Item Open Access The Role of Secreted Frizzled Related Protein 3 (SFRP3) and the Wnt Signaling Pathway in PAX3-FOXO1-Positive Alveolar Rhabdomyosarcoma(2015) Kephart, Julie GrondinRhabdomyosarcoma is the most common pediatric soft tissue sarcoma and demonstrates features of skeletal muscle. Of the two predominant (pediatric) subtypes, embryonal (eRMS) and alveolar (aRMS), aRMS has the poorer prognosis, with a 5-year survival rate of <50%. The majority of aRMS tumors express the fusion protein PAX3/7-FOXO1. As PAX3/7-FOXO1 is not currently druggable, we aimed to identify proteins that are downstream from or cooperate with PAX3-FOXO1 (PF) to enable tumorigenesis with the hope that these proteins may be more amenable to pharmacological inhibition.
First, in a microarray analysis of the transcriptomes of human skeletal muscle myoblasts expressing PF, we observed alterations of several Wnt pathway genes, including the Wnt inhibitor Secreted Frizzled Related Protein 3 (SFRP3). Loss-of-function studies interrogated the role of SFRP3 in human aRMS cell lines using shRNAs. Suppression of SFRP3 inhibited aRMS cell growth, reduced proliferation accompanied by a G1 arrest and induction of p21, and induced apoptosis. SFRP3 suppression modestly increased Wnt signaling; however, activation of the Wnt pathway in human aRMS cells in vitro and in a xenograft murine model of aRMS in vivo only partially recapitulated the phenotype observed with SFRP3 suppression. To identify other signaling pathways downstream of SFRP3 signaling, we conducted an oncogenic signaling pathways screen and a microarray. In the former, we identified Notch signaling as conferring resistance to SFRP3 suppression-mediated decreased cell growth and confirmed Notch crosstalk with Wnt signaling and SFRP3 in aRMS cells. In the latter, SFRP3 suppression increased genes associated with skeletal muscle differentiation and decreased those associated with cell cycle progression.
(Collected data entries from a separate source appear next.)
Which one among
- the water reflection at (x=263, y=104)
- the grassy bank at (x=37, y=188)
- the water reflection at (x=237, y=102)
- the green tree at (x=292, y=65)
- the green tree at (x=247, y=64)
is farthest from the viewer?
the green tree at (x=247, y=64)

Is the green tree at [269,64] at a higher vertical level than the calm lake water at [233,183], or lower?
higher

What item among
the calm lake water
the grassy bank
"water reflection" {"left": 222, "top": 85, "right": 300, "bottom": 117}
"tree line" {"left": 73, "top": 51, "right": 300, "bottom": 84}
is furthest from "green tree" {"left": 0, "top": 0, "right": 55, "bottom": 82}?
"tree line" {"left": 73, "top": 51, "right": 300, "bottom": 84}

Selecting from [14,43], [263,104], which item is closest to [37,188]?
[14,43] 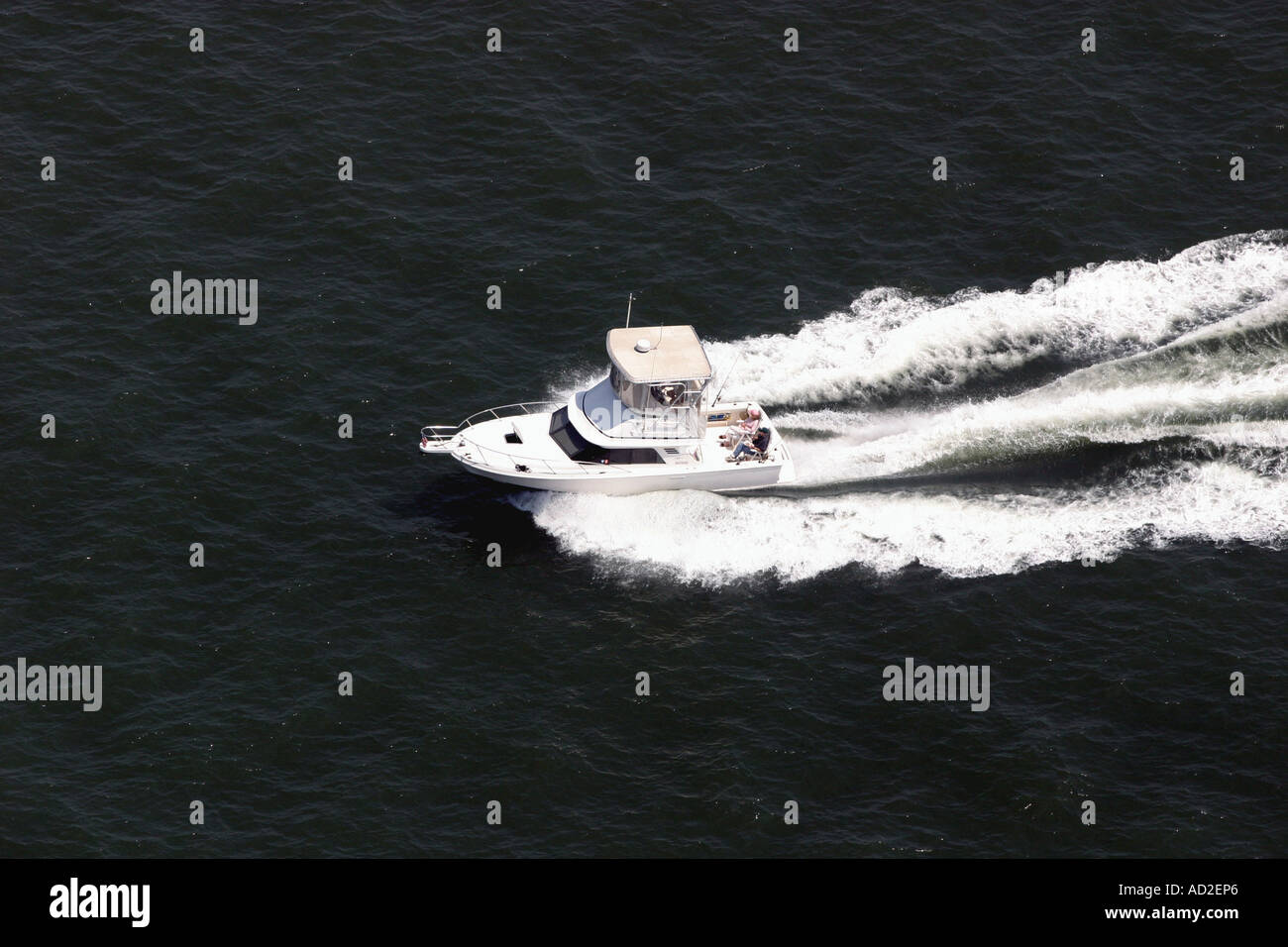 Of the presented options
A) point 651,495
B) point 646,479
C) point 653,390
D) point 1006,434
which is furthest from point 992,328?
point 646,479

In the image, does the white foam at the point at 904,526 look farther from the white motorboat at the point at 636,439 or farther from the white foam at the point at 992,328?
the white foam at the point at 992,328

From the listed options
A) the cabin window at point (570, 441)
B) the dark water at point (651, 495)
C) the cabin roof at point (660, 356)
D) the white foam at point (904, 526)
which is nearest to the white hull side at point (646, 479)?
the white foam at point (904, 526)

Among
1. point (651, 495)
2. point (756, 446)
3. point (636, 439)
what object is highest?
point (636, 439)

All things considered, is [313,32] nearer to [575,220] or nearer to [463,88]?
[463,88]

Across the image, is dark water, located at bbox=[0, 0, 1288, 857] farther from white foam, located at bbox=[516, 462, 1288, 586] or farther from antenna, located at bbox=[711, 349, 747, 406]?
antenna, located at bbox=[711, 349, 747, 406]

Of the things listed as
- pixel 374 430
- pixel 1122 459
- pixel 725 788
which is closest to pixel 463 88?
pixel 374 430

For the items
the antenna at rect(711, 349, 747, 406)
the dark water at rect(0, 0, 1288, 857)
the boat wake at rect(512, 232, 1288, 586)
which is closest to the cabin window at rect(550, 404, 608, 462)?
the boat wake at rect(512, 232, 1288, 586)

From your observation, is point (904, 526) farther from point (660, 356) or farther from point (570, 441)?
point (570, 441) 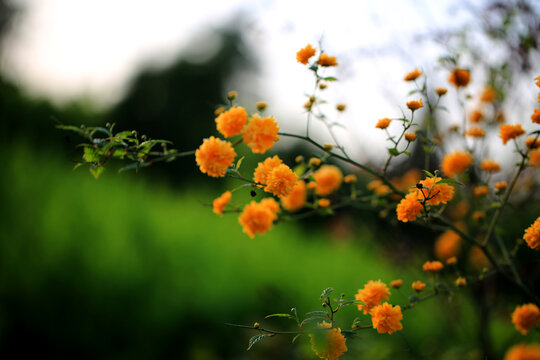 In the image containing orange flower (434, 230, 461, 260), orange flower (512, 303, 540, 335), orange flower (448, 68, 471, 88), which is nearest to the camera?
orange flower (512, 303, 540, 335)

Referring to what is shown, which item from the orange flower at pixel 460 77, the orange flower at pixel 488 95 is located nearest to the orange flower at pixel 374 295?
the orange flower at pixel 460 77

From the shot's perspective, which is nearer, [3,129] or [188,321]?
[188,321]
Second, we established a role for SFRP3 in a conditional xenograft murine model of aRMS. Doxycycline-inducible suppression of SFRP3 reduced aRMS tumor growth and weight by more than three-fold. Analysis of the tumors by qPCR and IHC revealed an increase in myogenic differentiation and β-catenin signaling. The combination of SFRP3 suppression and vincristine was more effective at reducing aRMS cell growth in vitro than either treatment alone, and ablated tumorigenesis in vivo. In conclusion, SFRP3 is necessary for the growth of human aRMS cells both in vitro and in vivo and is a promising new target for investigation in aRMS.